Start of Block

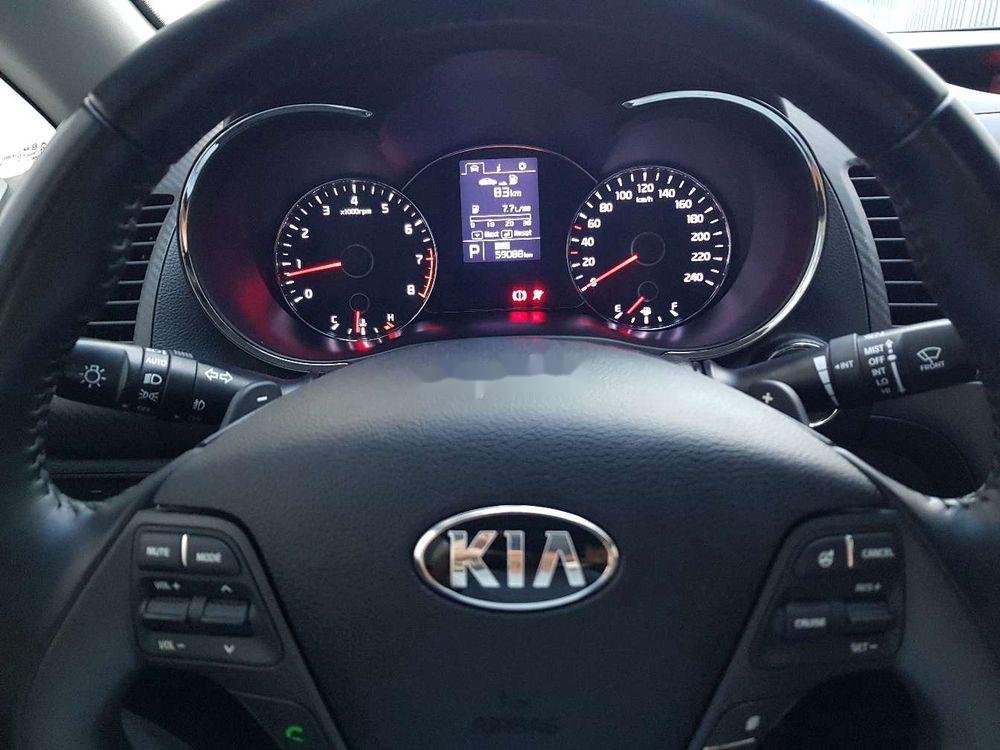 Kia K3 2013 - Bán Kia K3 1.6 AT sản xuất năm 2013, màu trắng, 449tr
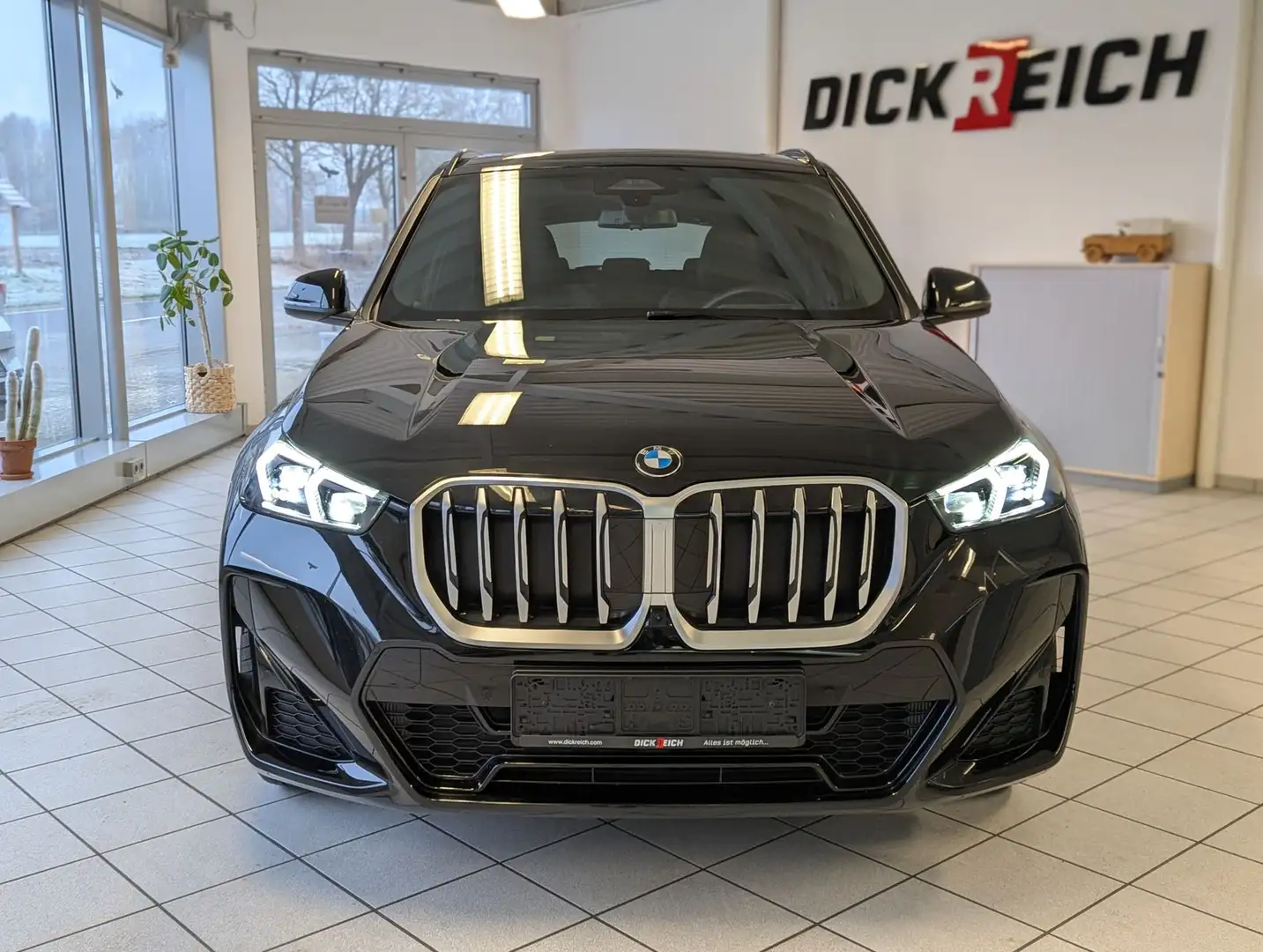 BMW X1 23d xD M-Sport Pano HUD H/K Harman AHK Schwarz - 2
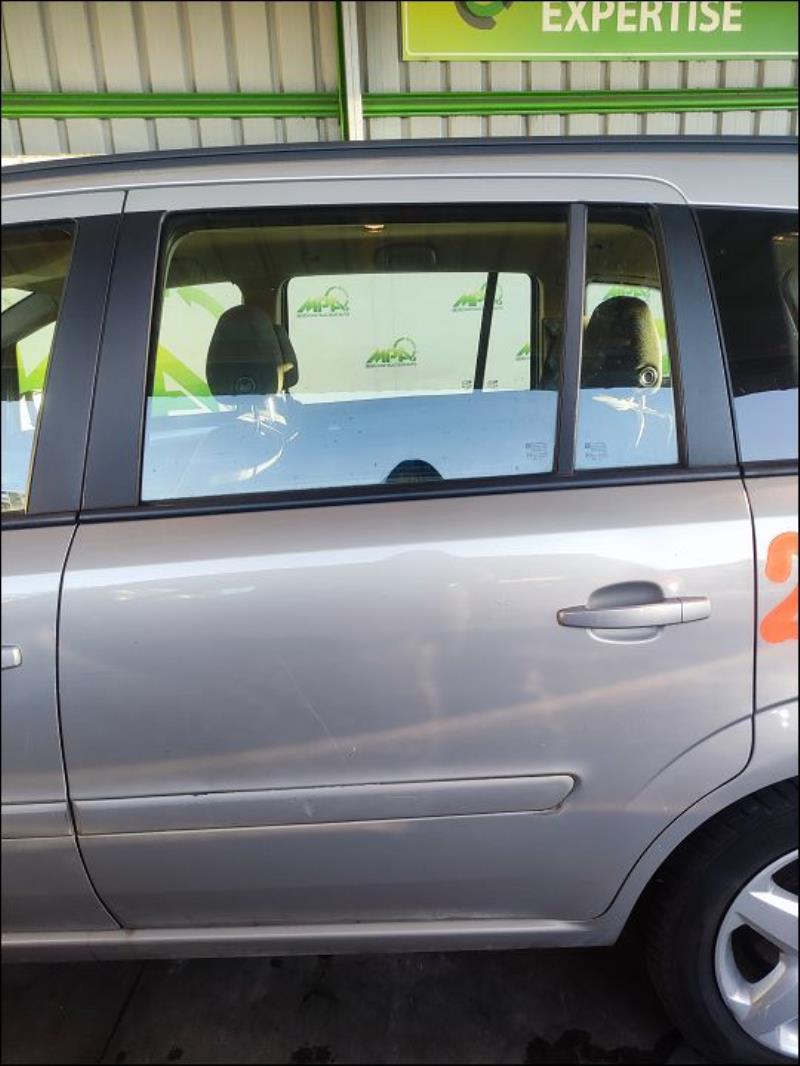 Porte arriere gauche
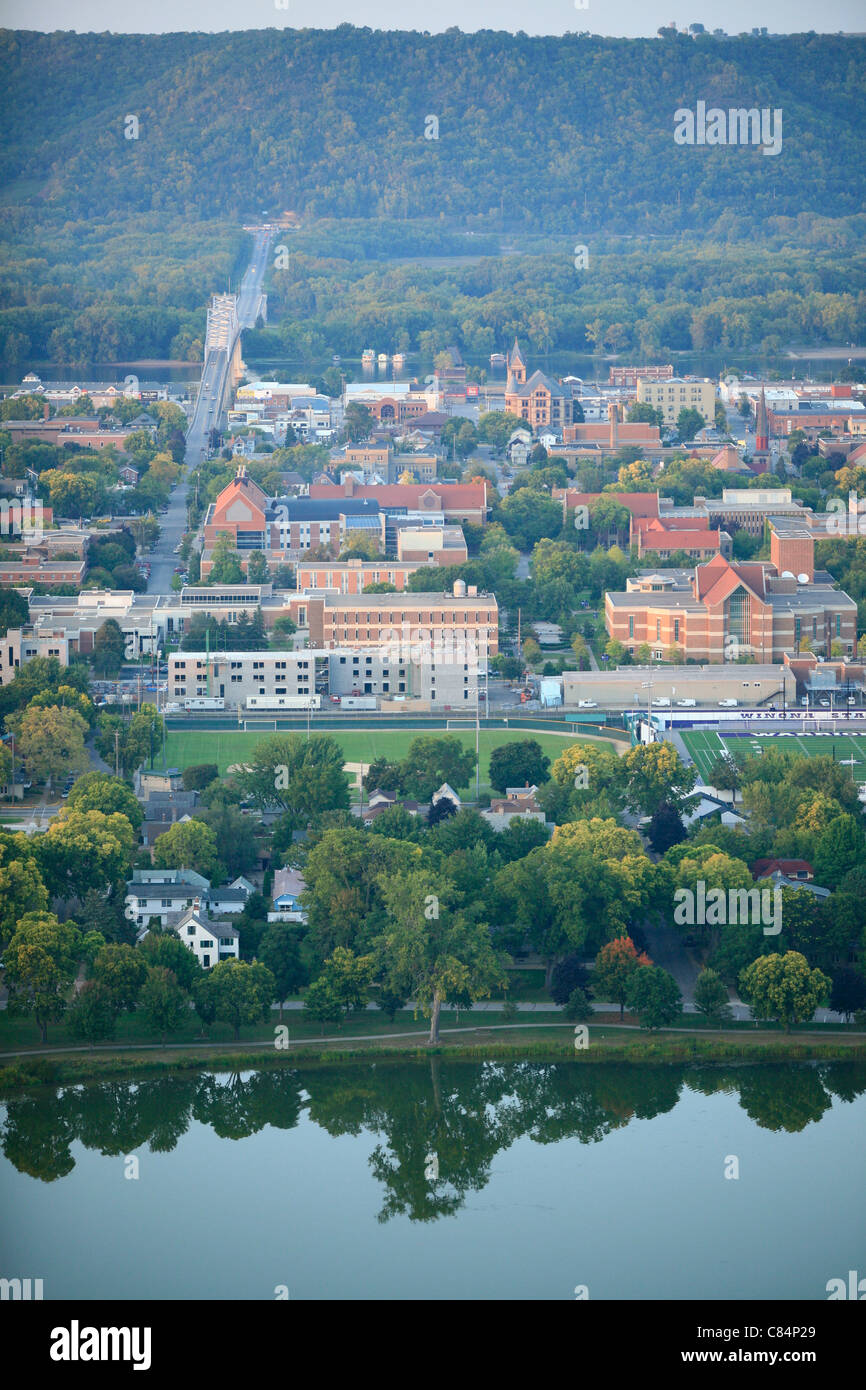La piccola città di Winona si trova lungo il fiume Mississippi nel sud-est del Minnesota USA Foto Stock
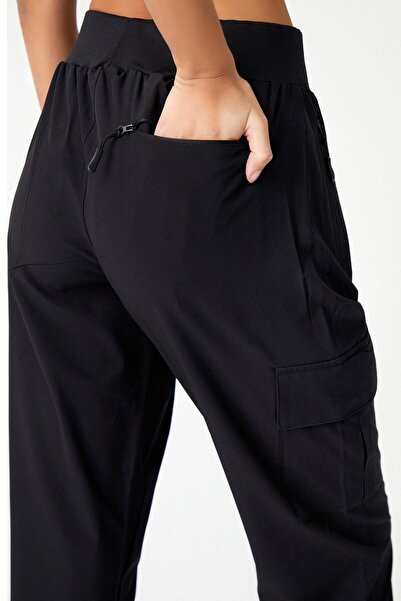 Los Ojos Women's Black Cargo Pocket Jogger Pants with Elastic Waist and Legs Cargo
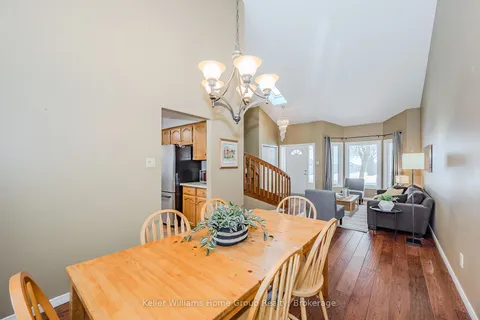 31 Pinetree Dr, Guelph, ON N1K 1P1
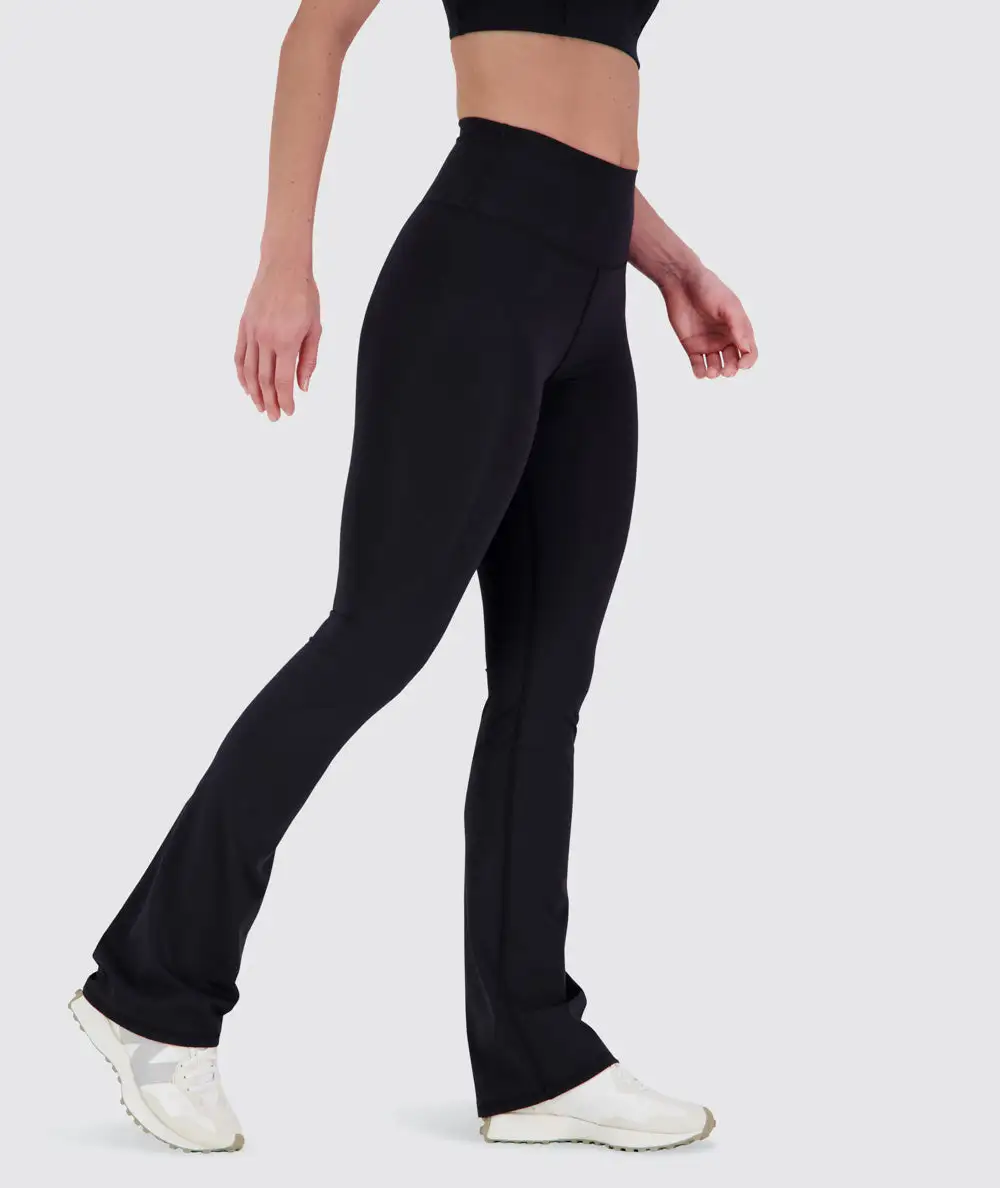 Relaxed Everyday Flare Leggings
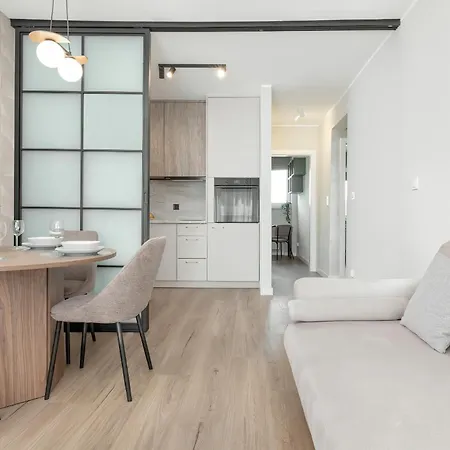 Kaszmirowy Z 3 Sypialniami Blisko Plazy W Gdansku By Renters Appartamento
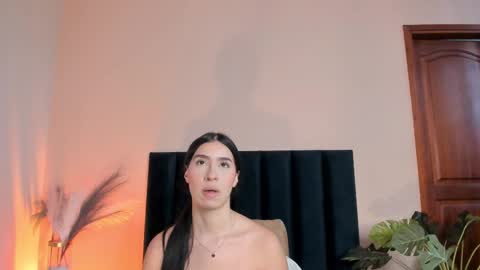 Snapshot of christy_seaa chatting on 11/18/25, 06:34 Christy online show from 11/18/25, 06:34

End of Block

◆ Instructions for the task: Print the listing again exactly, please. Keep the pictures out of it.

◆ Problem solution:
 Kia K3 2013 - Bán Kia K3 1.6 AT sản xuất năm 2013, màu trắng, 449tr
 BMW X1 23d xD M-Sport Pano HUD H/K Harman AHK Schwarz - 2
 Porte arriere gauche
La piccola città di Winona si trova lungo il fiume Mississippi nel sud-est del Minnesota USA Foto Stock
 Los Ojos Women's Black Cargo Pocket Jogger Pants with Elastic Waist and Legs Cargo
 31 Pinetree Dr, Guelph, ON N1K 1P1
 Relaxed Everyday Flare Leggings
 Kaszmirowy Z 3 Sypialniami Blisko Plazy W Gdansku By Renters Appartamento
 Snapshot of christy_seaa chatting on 11/18/25, 06:34 Christy online show from 11/18/25, 06:34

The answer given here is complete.